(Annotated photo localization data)

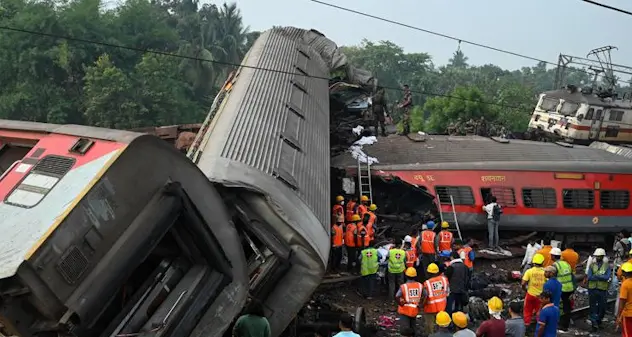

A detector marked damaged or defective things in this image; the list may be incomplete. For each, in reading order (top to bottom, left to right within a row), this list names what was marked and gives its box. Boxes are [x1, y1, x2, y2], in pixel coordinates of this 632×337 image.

broken window [434, 186, 474, 205]
broken window [520, 188, 556, 209]
broken window [564, 188, 596, 209]
broken window [600, 189, 628, 207]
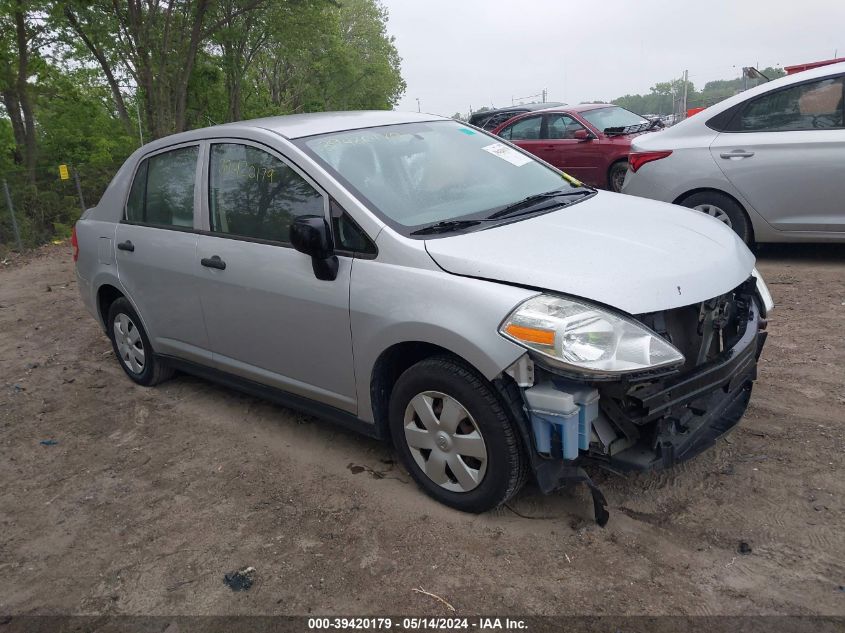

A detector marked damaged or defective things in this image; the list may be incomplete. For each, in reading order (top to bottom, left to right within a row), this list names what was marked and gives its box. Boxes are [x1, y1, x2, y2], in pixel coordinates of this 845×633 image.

broken headlight assembly [502, 296, 684, 378]
front-end collision damage [498, 274, 768, 524]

● Task directions
With the line that contains "this 845×633 image." as the start, output every line through the end of the entries exactly. Add no other lines.

● Exercise solution
A detector marked damaged or defective things in this image; the list may be incomplete. For each, in reading order (top to bottom, left to right within a row), this list names what was marked and gives its box. Boxes are [x1, y1, x2, y2], in pixel coordinates of this 845×633 image.

broken headlight assembly [502, 296, 684, 378]
front-end collision damage [498, 274, 768, 524]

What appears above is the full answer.